Jupyter Notebook Cloudera CSD

October 29th, 2016

Running a Jupyter Notebook is as simple as executing jupyter notebook, assuming you have the libraries installed: pip install jupyter.

Doing this in a different environment (a Hadoop cluster) is basically the same. It requires a little bit more of sys admin experience (not much if you use the right tools) but problems really start when you don’t have admin access to the cluster nodes.

Some of the new ways of running a Jupyter Notebook use the Anaconda Parcel which is basically the Anaconda Distribution packaged in a different format so Cloudera manager can installed.

The “problem” with the parcel is that it only includes the libraries it doesn’t manage services (start, stop, restart). So the parcel is great if you already have a notebook server (maybe a multi-user Jupyter Hub server) that has access to the cluster and all you are missing is libraries for your Spark job.

Note that there are multiple solutions: Hue, Zeppelin or others, the Parcel works great with all of those since it will give you the libraries independent of the service.

Ok, what if you have no notebook server and just want a simple Jupyter Notebook server to have the same experience you have in a laptop.

A quick Google search on Cloudera + Jupyter Notebook will give multiple results on how to run a Jupyter Notebook in a Cloudera Hadoop cluster.

Some of these solution use the Anaconda Parcel and give a set of commands to start the Jupyter Notebook server manually.

Custom Service Descriptor (CSD)

One idea that me and some colleagues had was to start (and manage) the service using Cloudera manager, it would be great to have the service in the same location as you Impala, Kudu and so on services.
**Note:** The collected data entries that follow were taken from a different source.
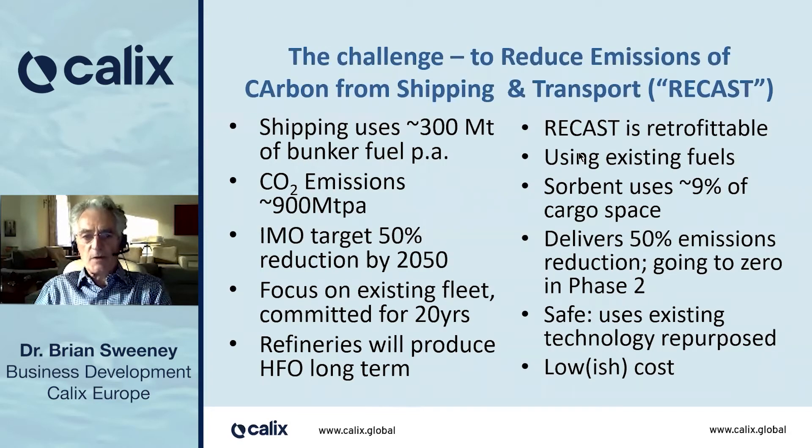So the challenge: shipping uses 300 million tons of bunker fuels a year and generates 900 million tons of CO2. The IMO target is for a 50% reduction by 2050. Our focus has been on the existing fleet — ships that are committed for 20 or 30 years — knowing that refineries will be producing heavy fuel oil, bunker fuel, for many years to come.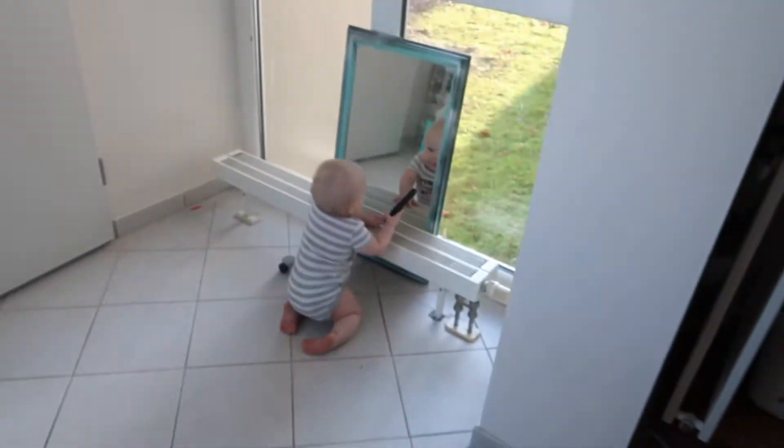Hey guys, welcome back to my channel! Today's video is going to be an extreme clean with me slash redecorate. We are finally decorating our master bedroom and I am super excited — it's literally like the only room in the house that isn't decorated, so that's what we're going to be doing today.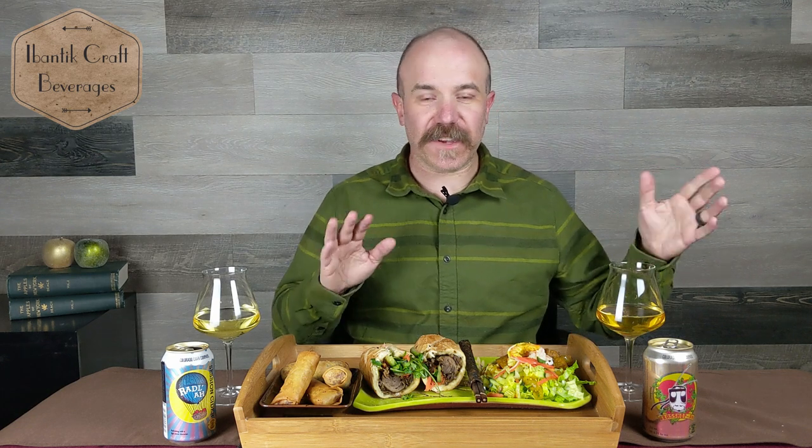We're talking cider and food pairing today. We went to one of our favorite local restaurants, Saigon Sandwich on 13th East near 86 South, and decided to get some Vietnamese food to pair with these ciders from Colorado Cider Company. The first cider is Grasshopper — it's six and a half percent.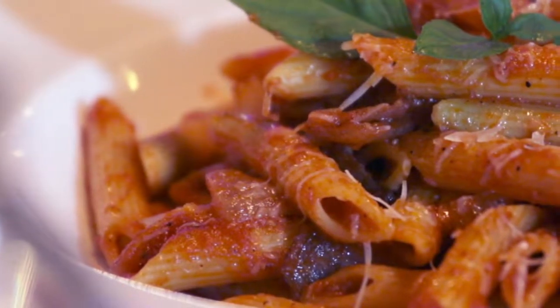A tomato, onion and meat sauce, the meat element being guanciale. This is a typical Roman-Italian dish and I thoroughly recommend it for all those who love their pasta.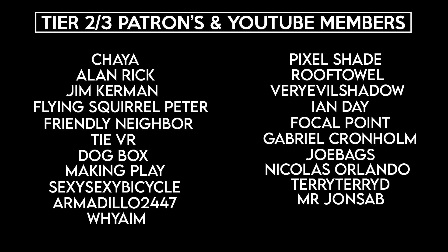And that's the end of the video. Let me know what you think about VR games using physics in interesting ways and what your personal favourites are. As always, thank you so much to my Patrons and YouTube members — your support means a lot.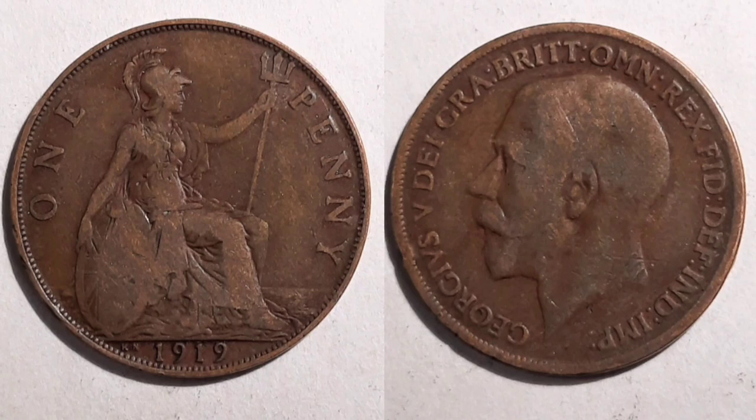Next we move on to the mintage figures and they stand at only 683,600, and this is why making sure that you do check the mint marks on your coins is so important. What does that mean then for the true value of the coin?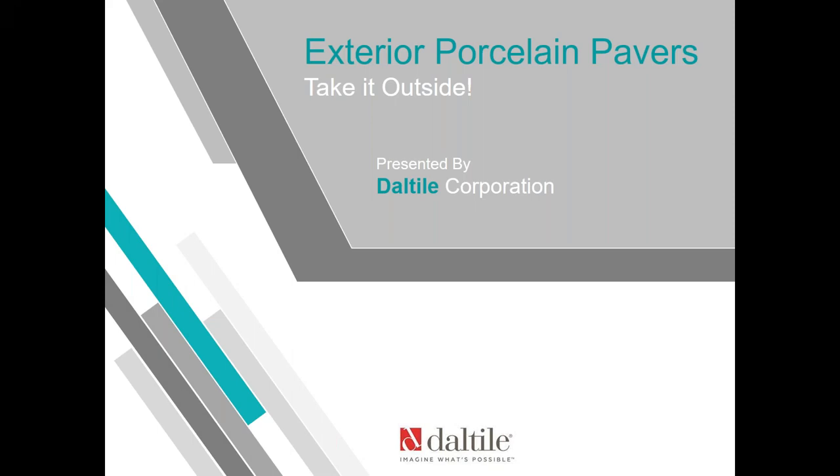Hello and welcome everyone. I'm Jim Olson, Assistant Executive Director of the National Tile Contractors Association. Today's webinar is titled 'Take It Outside' — from the rooftop or driveway to an outdoor kitchen and beyond, exploring the most innovative all-weather solutions in performance and design for the ultimate exterior experience.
Cloudera makes this very easy with a Custom Service Descriptor (CSD).

My biggest surprise was while looking at their Hello World example is starting a python http server with python -m SimpleHTTPServer, the Jupyter notebook is basically the same!

It was very easy to change the example to make it run a Jupyter Notebook server.

Basically all is needed is two files plus one optional icon file:

./JUPYTER-1.0/
    descriptor/
        service.sdl
    scripts/
        control.sh
    images/
        icon.png

The service.sdl is basically the example on the CSD docs with some small changes:

Require the Anaconda Parcel. This is done using the parcel and requiredTags fields. Right now the Anaconda Parcel provides spark-plugin which is probably a copy paste error.
A helper externalLink so the notebook server can be accessed via the Cloudera manager UI.

This is the complete service.sdl:

{
  "name" : "JUPYTER",
  "label" : "Jupyter Notebook",
  "description" : "Jupyter Notebook",
  "version" : "1.0",
  "icon" : "images/jupyter.png",
  "runAs" : {
    "user" : "root",
    "group" : "root"
  },
  "parcel" : {
    "requiredTags" : ["spark-plugin"]
  },
  "roles" : [
    {
       "name" : "JUPYTER_NOTEBOOK_SERVER",
       "label" : "Jupyter Notebook server",
       "pluralLabel" : "Jupyter Notebook servers",
       "parameters" : [
        {
          "name" : "port_num",
          "label" : "Jupyter Notebook serving port",
          "description" : "The port number",
          "required" : "true",
          "type" : "port",
          "default" : 8080
        }
      ],
      "startRunner" : {
         "program" : "scripts/control.sh",
         "args" : [ "start" ],
         "environmentVariables" : {
           "JPY_NOTEBOOK_PORT" : "${port_num}"
         }
      },
      "externalLink" : {
        "name" : "jupyter_notebook_web_ui",
        "label" : "Jupyter Notebook UI",
        "url" : "http://${host}:${port_num}",
        "secureUrl" : "https://${host}:${port_num}"
      }
    }
  ],
  "rolesWithExternalLinks" : ["JUPYTER_NOTEBOOK_SERVER"]
}

The control.sh is again the hello world example changing the execution command.

#!/bin/bash
CMD=$1

ANACONDA_BIN_DIR=$(dirname "${CDH_PYTHON}")
export PATH=$ANACONDA_BIN_DIR:$PATH

case $CMD in
  (start)
    echo "Starting the Jupyter Notebook on port [$JPY_NOTEBOOK_PORT]"
    exec $ANACONDA_BIN_DIR/jupyter notebook --no-browser --ip 0.0.0.0 --port $JPY_NOTEBOOK_PORT
    ;;
  (*)
    echo "Don't understand [$CMD]"
    ;;
esac

The only thing to note here is that I know that the Anaconda Parcel exports the CDH_PYTHON environment variable.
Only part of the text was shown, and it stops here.